Coffee bean allergy is largely confined to those who handle the green beans commercially, including longshoremen who unload the sacks of beans from ships. Chlorogenic acid has been considered an allergen in green coffee beans, castor beans, and oranges. It is a simple chemical that was thought to act as a hapten. Its importance is questionable, however, because it is destroyed by roasting and thus cannot account for allergy from drinking coffee. Castor bean ( Ricinus communis) allergy is mainly from the pulp and hull that remain after castor oil is pressed from the bean. This castor pomace is ground into a meal that is used for fertilizer. Thus, castor bean allergy also is largely occupational. Low-molecular-weight protein fractions have been isolated, as well as a toxic substance, ricin, which is not allergenic. Castor bean allergy also may occur in neighborhoods adjacent to processing plants. Asthma and rhinitis have been reported from the protein residual in the ambient air. A study from Marseilles, France, reports the incidence of castor bean allergy to be the same in atopic and nonatopic individuals ( 242). Three allergenic castor bean proteins have been identified by protein electrophoresis. One of these three, Ric c 1, one of the "2S albumins" or storage proteins of the castor bean, has homology to both rice allergens and mustard seed allergens (243,244).
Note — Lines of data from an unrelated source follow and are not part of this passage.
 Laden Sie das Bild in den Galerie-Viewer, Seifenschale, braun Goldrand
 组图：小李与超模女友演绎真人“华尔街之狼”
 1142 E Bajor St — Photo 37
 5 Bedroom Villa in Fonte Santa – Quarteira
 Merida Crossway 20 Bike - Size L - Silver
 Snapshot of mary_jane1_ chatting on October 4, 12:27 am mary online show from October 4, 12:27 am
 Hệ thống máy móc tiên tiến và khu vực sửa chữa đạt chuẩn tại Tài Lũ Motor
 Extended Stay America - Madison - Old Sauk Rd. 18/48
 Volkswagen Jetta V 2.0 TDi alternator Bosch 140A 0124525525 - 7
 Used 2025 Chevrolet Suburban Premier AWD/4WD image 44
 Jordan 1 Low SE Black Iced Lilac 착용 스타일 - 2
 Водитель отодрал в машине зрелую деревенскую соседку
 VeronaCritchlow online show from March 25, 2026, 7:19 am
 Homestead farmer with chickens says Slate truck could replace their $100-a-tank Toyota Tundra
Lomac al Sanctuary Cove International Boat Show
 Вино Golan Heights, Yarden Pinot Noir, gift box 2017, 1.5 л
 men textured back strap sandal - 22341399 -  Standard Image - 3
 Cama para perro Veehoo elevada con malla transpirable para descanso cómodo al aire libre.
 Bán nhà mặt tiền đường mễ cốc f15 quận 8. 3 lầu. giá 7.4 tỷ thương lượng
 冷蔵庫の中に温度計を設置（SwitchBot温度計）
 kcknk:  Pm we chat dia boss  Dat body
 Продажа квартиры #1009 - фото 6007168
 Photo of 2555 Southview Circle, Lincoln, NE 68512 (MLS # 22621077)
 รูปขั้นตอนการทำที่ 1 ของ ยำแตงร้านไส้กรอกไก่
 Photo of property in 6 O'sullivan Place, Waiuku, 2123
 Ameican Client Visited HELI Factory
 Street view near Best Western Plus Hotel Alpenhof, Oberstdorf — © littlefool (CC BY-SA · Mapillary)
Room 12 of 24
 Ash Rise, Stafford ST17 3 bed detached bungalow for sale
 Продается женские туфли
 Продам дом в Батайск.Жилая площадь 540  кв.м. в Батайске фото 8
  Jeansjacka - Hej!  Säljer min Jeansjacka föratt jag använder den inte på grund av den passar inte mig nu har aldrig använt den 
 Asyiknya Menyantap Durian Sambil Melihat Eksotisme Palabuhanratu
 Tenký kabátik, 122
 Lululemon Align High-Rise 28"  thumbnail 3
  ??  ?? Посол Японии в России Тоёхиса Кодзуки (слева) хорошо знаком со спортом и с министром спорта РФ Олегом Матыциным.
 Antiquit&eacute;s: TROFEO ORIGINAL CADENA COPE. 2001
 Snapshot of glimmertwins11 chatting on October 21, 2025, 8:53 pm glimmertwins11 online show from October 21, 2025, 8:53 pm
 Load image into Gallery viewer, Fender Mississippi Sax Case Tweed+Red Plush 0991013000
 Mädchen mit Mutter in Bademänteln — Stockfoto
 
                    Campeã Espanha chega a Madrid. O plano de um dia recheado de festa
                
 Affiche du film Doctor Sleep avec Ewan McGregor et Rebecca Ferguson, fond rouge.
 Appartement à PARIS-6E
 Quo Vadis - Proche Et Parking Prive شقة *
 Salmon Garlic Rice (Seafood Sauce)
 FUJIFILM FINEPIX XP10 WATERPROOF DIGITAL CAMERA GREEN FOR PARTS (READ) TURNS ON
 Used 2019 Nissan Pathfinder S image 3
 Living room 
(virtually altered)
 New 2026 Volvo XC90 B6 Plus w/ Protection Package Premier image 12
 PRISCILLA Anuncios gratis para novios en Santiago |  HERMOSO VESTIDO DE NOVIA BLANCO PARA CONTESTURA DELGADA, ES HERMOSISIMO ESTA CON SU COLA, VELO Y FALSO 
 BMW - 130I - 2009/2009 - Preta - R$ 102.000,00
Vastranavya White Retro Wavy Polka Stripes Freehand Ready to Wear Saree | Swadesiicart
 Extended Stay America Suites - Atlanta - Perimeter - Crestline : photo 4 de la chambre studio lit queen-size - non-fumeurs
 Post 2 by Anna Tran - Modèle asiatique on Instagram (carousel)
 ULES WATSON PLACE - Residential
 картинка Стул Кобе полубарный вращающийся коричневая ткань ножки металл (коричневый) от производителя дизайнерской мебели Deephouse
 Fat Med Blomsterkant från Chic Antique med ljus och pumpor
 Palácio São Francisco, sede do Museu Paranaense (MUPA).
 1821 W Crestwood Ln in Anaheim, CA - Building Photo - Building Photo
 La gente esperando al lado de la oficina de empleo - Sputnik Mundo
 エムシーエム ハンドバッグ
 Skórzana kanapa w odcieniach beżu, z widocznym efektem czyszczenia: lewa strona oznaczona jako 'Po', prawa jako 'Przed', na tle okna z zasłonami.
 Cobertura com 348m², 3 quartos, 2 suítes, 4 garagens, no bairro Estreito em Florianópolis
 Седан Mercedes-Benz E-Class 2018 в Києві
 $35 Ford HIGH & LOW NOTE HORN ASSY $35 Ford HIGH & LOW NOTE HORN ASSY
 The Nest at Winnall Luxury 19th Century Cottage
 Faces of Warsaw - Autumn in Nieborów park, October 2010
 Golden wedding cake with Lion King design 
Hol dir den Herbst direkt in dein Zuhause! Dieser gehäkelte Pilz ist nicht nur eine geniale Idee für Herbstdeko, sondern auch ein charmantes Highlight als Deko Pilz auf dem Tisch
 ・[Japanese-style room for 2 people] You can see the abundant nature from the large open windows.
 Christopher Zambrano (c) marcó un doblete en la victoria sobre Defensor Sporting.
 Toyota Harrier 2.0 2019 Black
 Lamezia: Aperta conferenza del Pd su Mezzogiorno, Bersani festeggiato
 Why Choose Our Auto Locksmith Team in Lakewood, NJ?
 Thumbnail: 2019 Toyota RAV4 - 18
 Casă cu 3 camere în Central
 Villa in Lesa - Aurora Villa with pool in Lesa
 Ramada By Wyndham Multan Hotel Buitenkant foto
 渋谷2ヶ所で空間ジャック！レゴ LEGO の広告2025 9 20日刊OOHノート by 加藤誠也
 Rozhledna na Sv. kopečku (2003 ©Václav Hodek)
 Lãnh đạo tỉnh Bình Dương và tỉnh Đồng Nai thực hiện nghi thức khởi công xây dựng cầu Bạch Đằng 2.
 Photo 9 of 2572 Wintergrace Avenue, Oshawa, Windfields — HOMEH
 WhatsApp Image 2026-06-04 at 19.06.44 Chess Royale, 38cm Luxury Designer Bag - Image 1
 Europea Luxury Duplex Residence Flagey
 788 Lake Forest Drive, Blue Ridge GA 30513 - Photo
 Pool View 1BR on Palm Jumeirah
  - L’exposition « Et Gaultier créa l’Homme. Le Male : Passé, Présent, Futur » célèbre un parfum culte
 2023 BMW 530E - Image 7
The 2S albumins represent one of two common storage proteins found in a variety of seeds, including sunflower seeds, Brazil nuts, and rapeseeds. Like other sensitizing allergenic proteins, these have low molecular weights, are highly soluble in water, and generally have no toxicity for nonallergic persons (245).

Soybean allergy may be more generalized and prevalent because of the increased use of soy flour and meal in commonly encountered products. In addition to use as animal feed, soy products are used for infant formula, bakery goods, Chinese cooking, cereals, fillers in meat and candy products, and in certain topical dermatologic preparations. Occupational asthma caused by soybean flour used as a protein expander in frozen meat patties has been reported. Soybean protein consists of a globulin fraction (85%) and a whey fraction. Nine proteins bound to IgE by immunoblotting have been recognized by an allergic patient's serum ( 246). Asthma epidemics have occurred in Barcelona, Spain, in association with unloading soybeans from ships. Case studies of those affected show a high incidence of IgE antibodies to soybean allergens. Subsequent investigations have shown that the major allergens are glycoproteins found in the hulls and dust, with molecular sizes less than 14 kDa (247,248 and 249).